Firstly, we have the full-ratchet method. The strong anti-dilution protection is generally unfavorable to founders. Full-ratchet clauses in finance agreements are unusual and create worry. This method adjusts the investment of earlier shareholders to the lower share price of a down round. Essentially, it recalculates the entire investment based on this new price. The difference between this recalculated share quantity and the actual shares held is the number of additional shares the investor would receive. For example, if the Series B investor's entire investment were recalculated at the down round price, subtracting their current shareholding would yield the number of anti-dilution shares due.

Broad-Based Weighted Average Protection

The broad-based weighted average method is more commonly employed. This approach calculates a new average share price between the price paid by the investor in the last round and the down round's price. The subsequent step involves determining how many shares the investor would have received if their investment was made at this blended price. The shortfall between this number and their current shareholding determines the anti-dilution shares to be issued.

Narrow-Based Weighted Average Protection

Finally, we have the narrow-based weighted average method. This approach is similar to the broad-based version but with a key difference. The formula used here considers a narrower scope of outstanding shares – specifically, it only includes shares that are issued at the time, excluding options and other potential dilutive securities. The weighted share price computed using this method falls between the down-round price and the price derived from the broad-based weighted average.

Approaches to Anti-Dilution in the EU and the US

It's important to highlight the stylistic differences between European and American companies in implementing anti-dilution clauses. The descriptions and formulas previously discussed are more aligned with practices commonly seen in Central European companies and transactions. Under this European model, anti-dilution clauses typically offer the right to acquire additional preferred shares during a down round. This right is granted to counterbalance the impact of significant dilution. Depending on the specific legal framework of the country, these shares might be obtained for free or by paying nominal amounts.

In contrast, the prevalent practice in the United States takes a somewhat different route. While the core principle remains similar, the American model focuses on altering the conversion ratio of preferred to common shares. Initially, this ratio is typically set at 1:1, meaning one common share is received for each preferred share upon conversion. However, following a methodology similar to the European approach, this ratio can be adjusted during a down round. Instead of immediately receiving extra preferred shares, investors see an increase in their equivalent shareholding in common shares post-conversion.

Pros and Cons

Such legal laws have significant positive and negative consequences on companies. Investment agreements with anti-dilution provisions have perks and downsides. Investors and corporations should weigh these pros and cons based on their needs. Attorneys can help you carefully develop, negotiate, and assess anti-dilution provisions to achieve a compromise.

Anti-dilution conditions provide various advantages:

  • Anti-dilution rules may make an investment more appealing, boosting investor confidence. If investors feel the business cares for and protects their interests, they may invest more.
  • Anti-dilution strategies may stabilize a company's worth for further investment. These methods help existing owners and investors maintain value.

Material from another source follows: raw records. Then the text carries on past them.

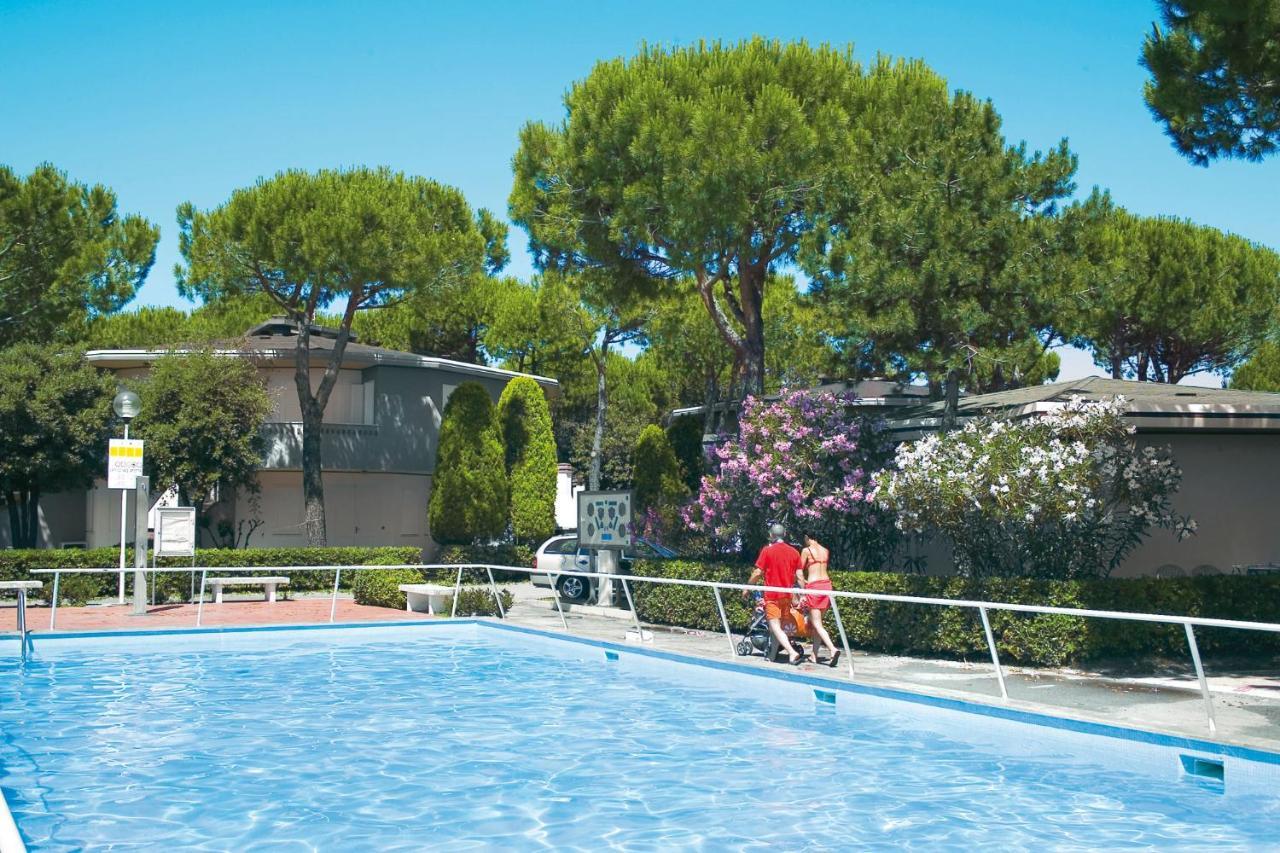 Villaggio San Siro Bibione Zewnętrze zdjęcie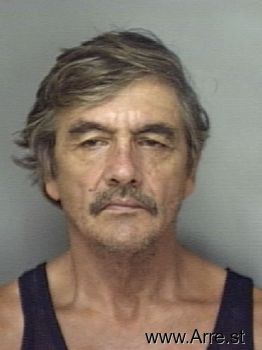 Arthur Leroy Adkins Mugshot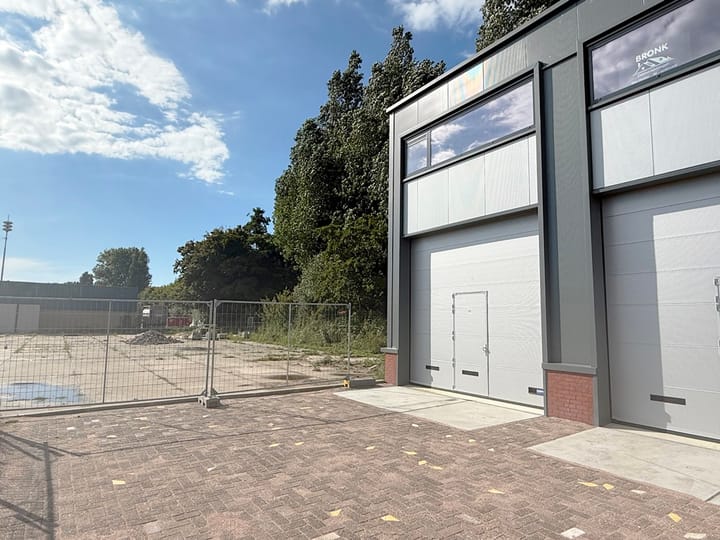 Handelskade 6-N, Den Helder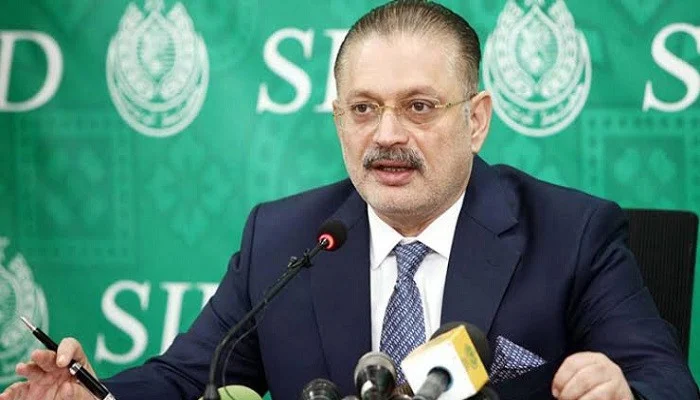 NCCIA summons four over alleged social media campaign against Sharjeel Memon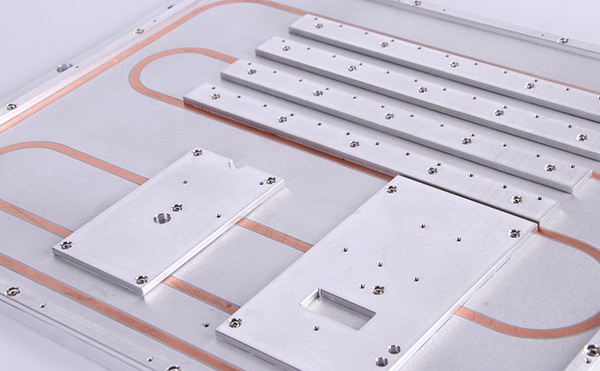 醫(yī)療影像設備水冷板 醫(yī)療影像設備水冷板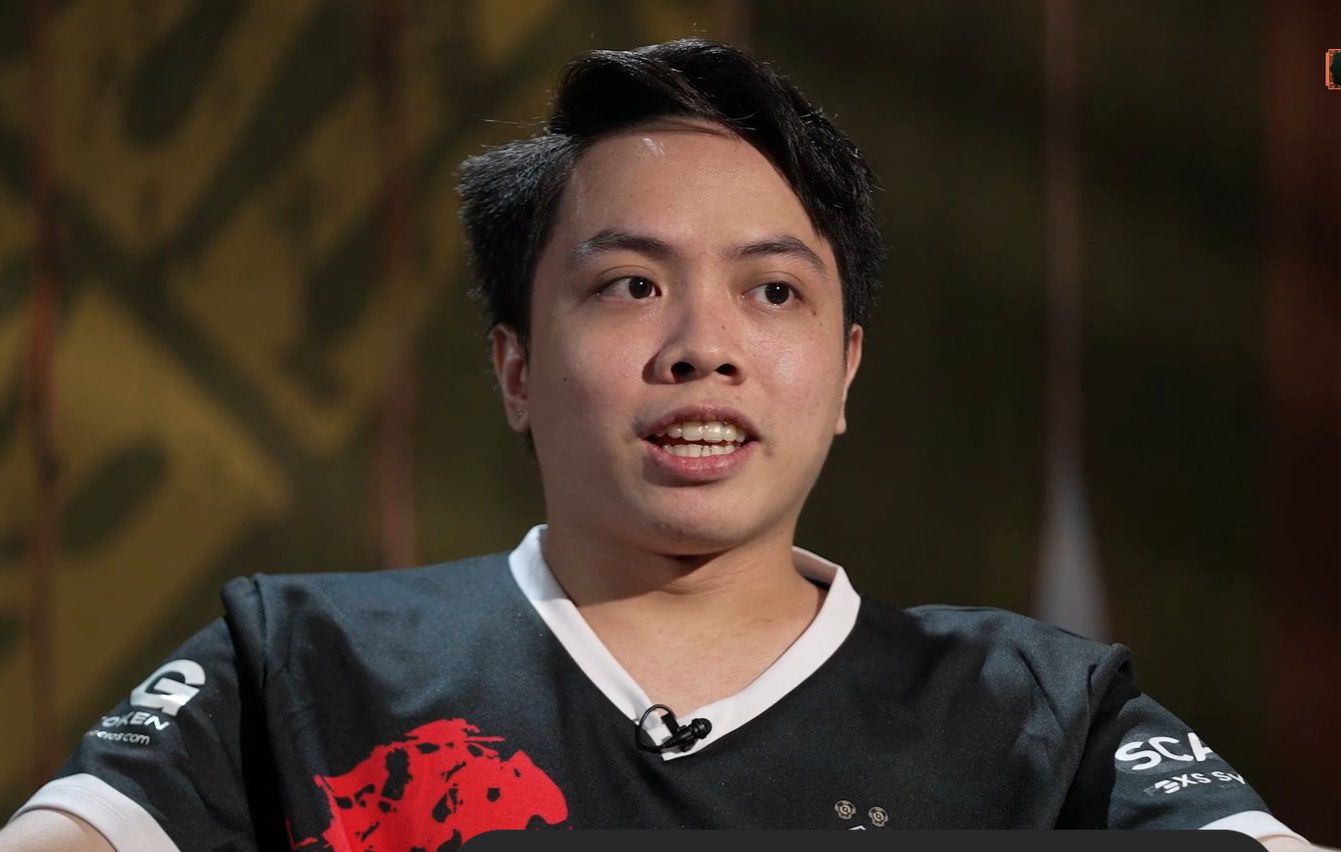 Dota 2 Group | And just 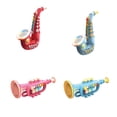 thumbnail image 3 of braveheart Différent avec Jouet Musical Simulé pour l'Apprentissage des Enfants Jouets aux Couleurs Vives type+3, 3 of 6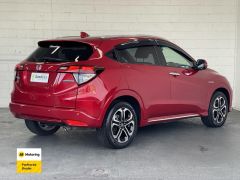 Photo of the vehicle Honda Vezel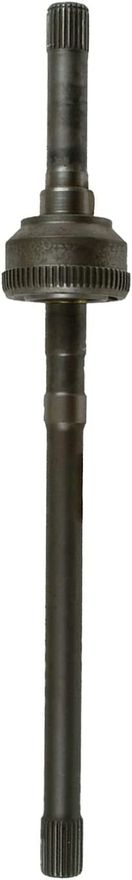Front Right CV Axle - 1346_AX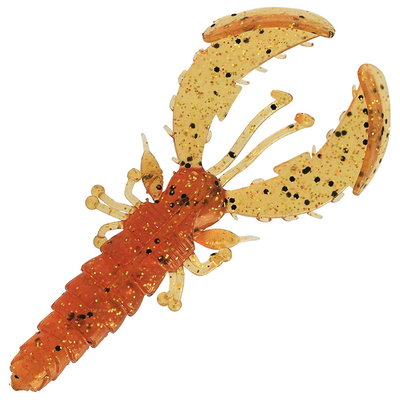 Westin CreCraw Slim Creaturebait TPE - 6p - 5,5cm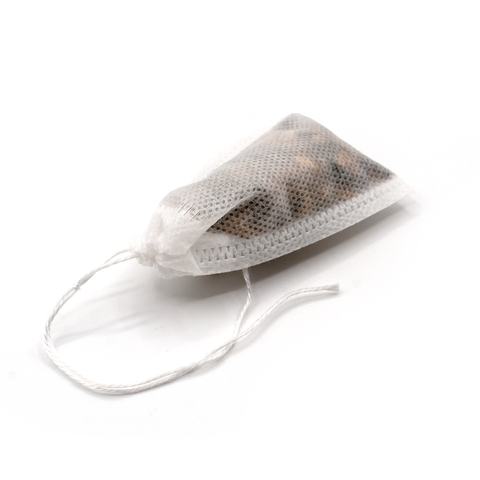 Disposable Tea Bags (Pack of 100)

Cons of the anti-dilution provision include:

  • Anti-dilution rules may hurt future fundraising. If the conditions are too difficult, investors may not participate in future startup funding rounds. Parity is necessary. Startups must balance investor satisfaction with attraction.
  • Anti-dilution standards have legal implications, making compliance challenging. If not properly designed, understood, and enforced, these regulations may need lawyers and increase legal bills.
  • Anti-dilution policies may conflict with investors' and the company's interests. Because it would generate further changes and dilute present investors, it may deter the business from seeking down rounds or repairing its finances.